The ISN estimates rely on the choice of $θ^{*}$ ⁠, R, and Q. The supplementary materials present estimation results for using first-stage importance sampling estimates as importance sampling parameters $θ^{*}$ in a second stage or taking R = 3000 or taking Q = 12 yields similar estimates. We also consider lowering AFAR to 35 years. None of these changes have any practical influence on results presented here.

As mentioned, the 1 year cut-off for Recent is arbitrary but in accordance with the literature.

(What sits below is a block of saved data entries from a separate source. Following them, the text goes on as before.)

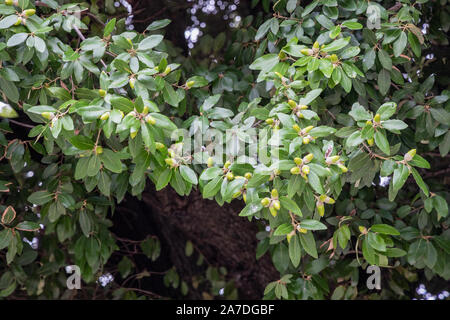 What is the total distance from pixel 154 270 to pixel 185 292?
271 millimetres

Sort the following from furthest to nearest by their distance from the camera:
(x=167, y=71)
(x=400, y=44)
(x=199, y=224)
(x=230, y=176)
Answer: (x=199, y=224) < (x=400, y=44) < (x=167, y=71) < (x=230, y=176)

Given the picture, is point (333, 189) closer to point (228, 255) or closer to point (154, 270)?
point (228, 255)

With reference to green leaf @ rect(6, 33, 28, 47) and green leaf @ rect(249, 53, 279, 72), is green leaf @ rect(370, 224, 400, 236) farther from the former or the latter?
green leaf @ rect(6, 33, 28, 47)

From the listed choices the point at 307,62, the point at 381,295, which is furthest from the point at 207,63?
the point at 381,295

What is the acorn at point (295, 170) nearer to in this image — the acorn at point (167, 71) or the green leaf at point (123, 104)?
the green leaf at point (123, 104)

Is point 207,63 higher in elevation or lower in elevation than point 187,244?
higher

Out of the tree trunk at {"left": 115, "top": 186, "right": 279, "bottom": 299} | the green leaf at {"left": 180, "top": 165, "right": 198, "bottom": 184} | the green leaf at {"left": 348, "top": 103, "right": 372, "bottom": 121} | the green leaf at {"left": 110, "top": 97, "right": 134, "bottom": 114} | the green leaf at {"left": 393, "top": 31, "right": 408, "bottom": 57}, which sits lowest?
the tree trunk at {"left": 115, "top": 186, "right": 279, "bottom": 299}

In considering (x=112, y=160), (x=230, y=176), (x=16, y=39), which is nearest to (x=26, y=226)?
(x=112, y=160)

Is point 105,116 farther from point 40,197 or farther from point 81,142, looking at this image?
point 40,197

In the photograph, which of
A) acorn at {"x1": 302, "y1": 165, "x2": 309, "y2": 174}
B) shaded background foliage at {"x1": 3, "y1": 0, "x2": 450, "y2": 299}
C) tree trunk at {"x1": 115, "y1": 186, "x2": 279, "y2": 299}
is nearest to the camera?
acorn at {"x1": 302, "y1": 165, "x2": 309, "y2": 174}

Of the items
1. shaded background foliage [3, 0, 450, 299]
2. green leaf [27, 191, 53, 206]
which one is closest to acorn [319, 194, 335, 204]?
shaded background foliage [3, 0, 450, 299]

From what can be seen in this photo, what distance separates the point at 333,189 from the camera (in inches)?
64.0

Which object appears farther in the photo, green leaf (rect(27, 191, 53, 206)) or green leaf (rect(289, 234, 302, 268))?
green leaf (rect(27, 191, 53, 206))

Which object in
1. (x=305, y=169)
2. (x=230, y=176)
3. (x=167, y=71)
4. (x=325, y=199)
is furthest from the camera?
(x=167, y=71) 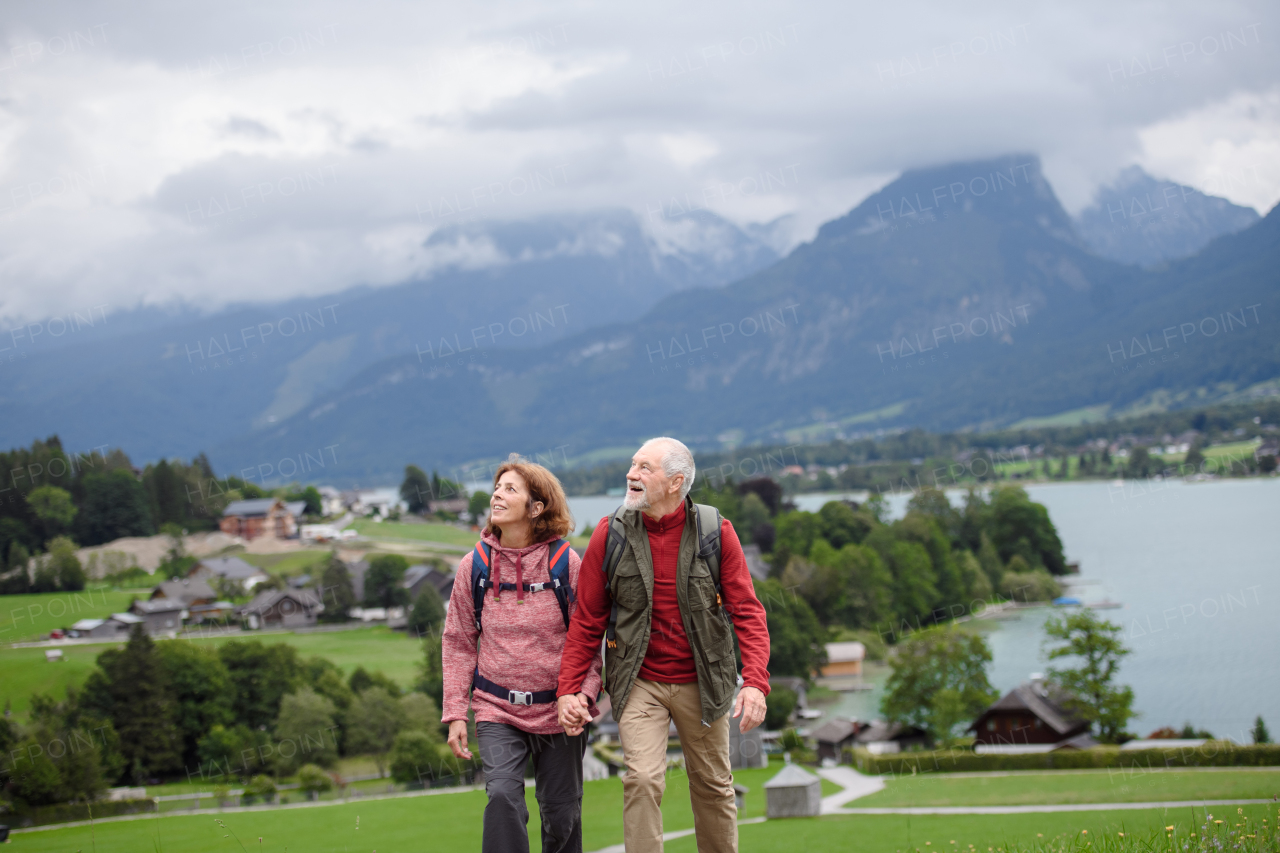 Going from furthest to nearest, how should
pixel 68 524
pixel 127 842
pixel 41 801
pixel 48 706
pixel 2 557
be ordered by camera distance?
pixel 68 524 < pixel 2 557 < pixel 48 706 < pixel 41 801 < pixel 127 842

In the supplementary materials, we show that lowering the cut-off to 6 months (τ = 0.05) leads to an increase in the estimates of γ and $μ_{2}$ ⁠, whereas raising the cut-off to 2 years (τ = 0.2) leads to a decrease. This pattern is consistent with a world where the risk of further events increases sharply immediately after an event and gradually tapers off thereafter. However, the practical implications and the overall fit of the models are similar for the three different value of τ.

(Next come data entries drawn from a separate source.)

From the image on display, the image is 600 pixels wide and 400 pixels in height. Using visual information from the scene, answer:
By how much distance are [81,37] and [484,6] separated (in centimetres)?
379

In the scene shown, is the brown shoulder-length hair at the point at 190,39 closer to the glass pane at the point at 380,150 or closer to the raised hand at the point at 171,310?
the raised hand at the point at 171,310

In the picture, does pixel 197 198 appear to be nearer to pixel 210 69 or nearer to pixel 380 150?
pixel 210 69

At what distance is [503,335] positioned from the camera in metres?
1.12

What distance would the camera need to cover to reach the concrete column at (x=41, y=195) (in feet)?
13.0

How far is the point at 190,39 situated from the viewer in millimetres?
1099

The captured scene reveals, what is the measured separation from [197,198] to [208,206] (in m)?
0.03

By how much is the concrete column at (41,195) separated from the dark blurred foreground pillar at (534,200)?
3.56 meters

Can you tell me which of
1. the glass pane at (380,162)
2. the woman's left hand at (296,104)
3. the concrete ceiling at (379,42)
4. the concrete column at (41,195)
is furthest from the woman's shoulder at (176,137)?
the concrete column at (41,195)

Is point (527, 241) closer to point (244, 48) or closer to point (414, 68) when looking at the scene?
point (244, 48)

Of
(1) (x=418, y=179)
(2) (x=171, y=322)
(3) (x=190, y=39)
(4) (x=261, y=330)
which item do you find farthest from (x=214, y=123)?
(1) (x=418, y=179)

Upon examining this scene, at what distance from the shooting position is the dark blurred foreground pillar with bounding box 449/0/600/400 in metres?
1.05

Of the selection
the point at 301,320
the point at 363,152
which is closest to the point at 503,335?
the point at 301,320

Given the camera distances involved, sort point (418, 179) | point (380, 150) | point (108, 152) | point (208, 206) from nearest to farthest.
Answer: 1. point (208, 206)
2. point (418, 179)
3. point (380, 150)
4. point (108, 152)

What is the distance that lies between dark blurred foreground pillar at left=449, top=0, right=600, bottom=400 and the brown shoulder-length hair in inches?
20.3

The time needed to compute the MSL estimate varies greatly depending on the sample sizes, the choice of $θ^{*}$ ⁠, R and Q, the starting values for the optimization algorithm, and the computing resources available. As an indication, the estimates in Table 3 take 1–7 min each to compute while those in Table 6 take 70–266 min on a 2016 workstation with 8 dual core CPUs and 64 GB of RAM. Some of the estimates shown in the supplementary materials take 6–7 h.

6 CONCLUSION

In this study, we investigate gender and ethnic disparities in several aspects of AMI risk in New Zealand. Our study complements the literature on gender and ethnic disparities in other areas of public health and health economics. AMIs, commonly known as heart attacks, are one of the leading causes of disability and mortality and therefore an important issue in public health.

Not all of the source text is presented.